Copy out precisely the lines from the start of the data through the line with "The Annapurna range", and keep pictures out of it.
─── EXERCISE DATA
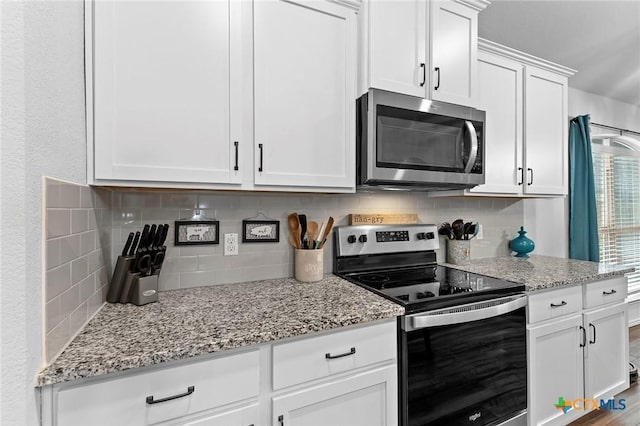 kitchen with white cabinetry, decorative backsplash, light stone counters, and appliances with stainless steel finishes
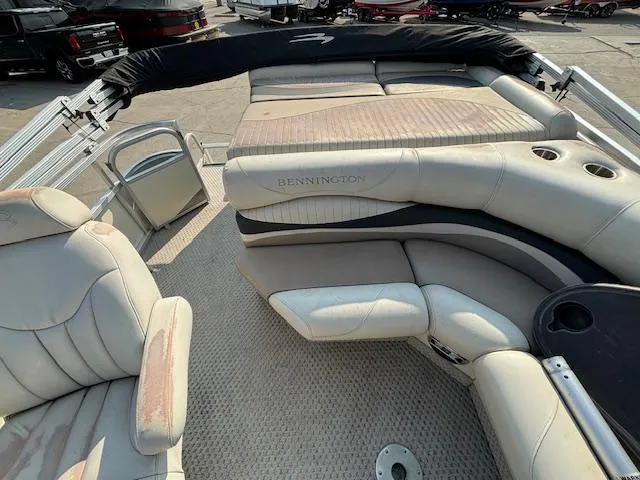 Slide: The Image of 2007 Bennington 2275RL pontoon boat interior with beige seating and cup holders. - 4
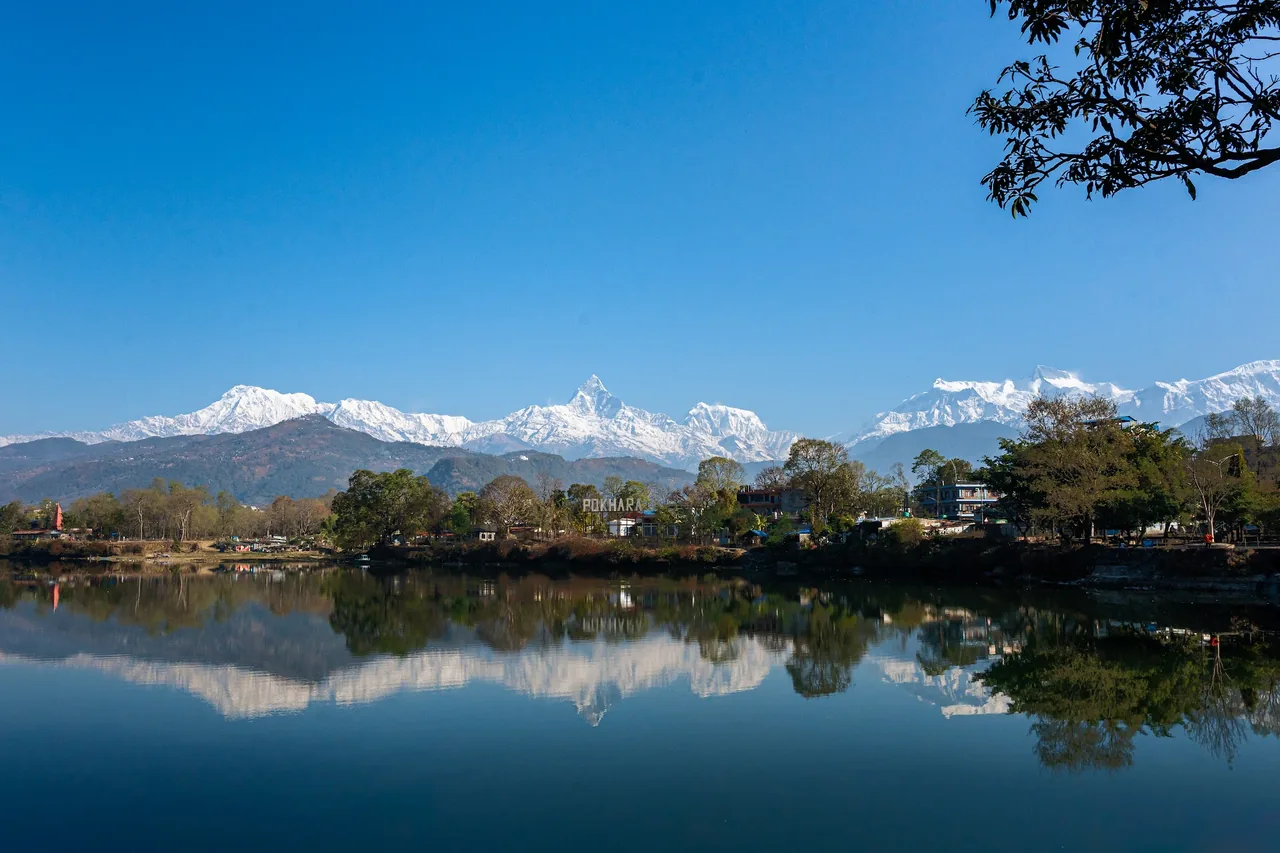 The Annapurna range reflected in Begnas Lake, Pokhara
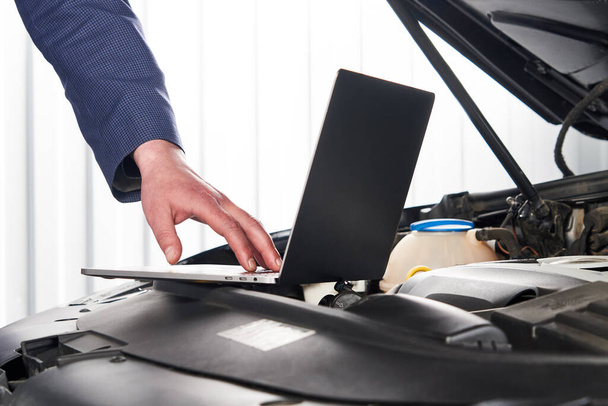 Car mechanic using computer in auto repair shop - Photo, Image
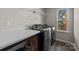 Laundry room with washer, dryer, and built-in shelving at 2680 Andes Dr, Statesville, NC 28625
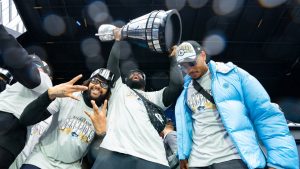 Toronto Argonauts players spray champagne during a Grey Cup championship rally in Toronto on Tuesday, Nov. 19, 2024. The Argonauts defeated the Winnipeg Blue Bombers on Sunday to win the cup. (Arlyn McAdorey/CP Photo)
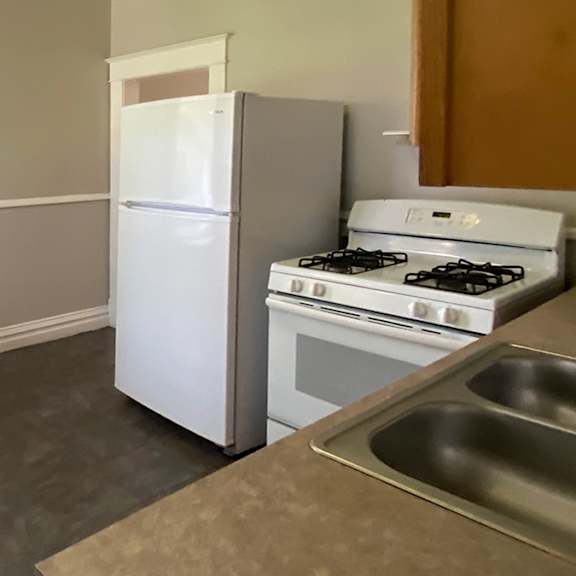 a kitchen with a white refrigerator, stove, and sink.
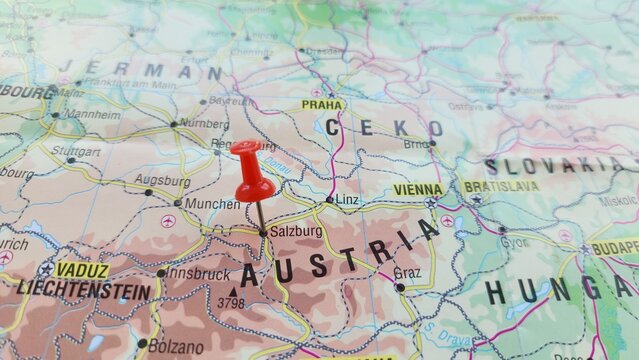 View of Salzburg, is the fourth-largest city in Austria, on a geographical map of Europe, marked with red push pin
──────
■ **COMPLETED TASK**
 kitchen with white cabinetry, decorative backsplash, light stone counters, and appliances with stainless steel finishes
 Slide: The Image of 2007 Bennington 2275RL pontoon boat interior with beige seating and cup holders. - 4
 The Annapurna range reflected in Begnas Lake, Pokhara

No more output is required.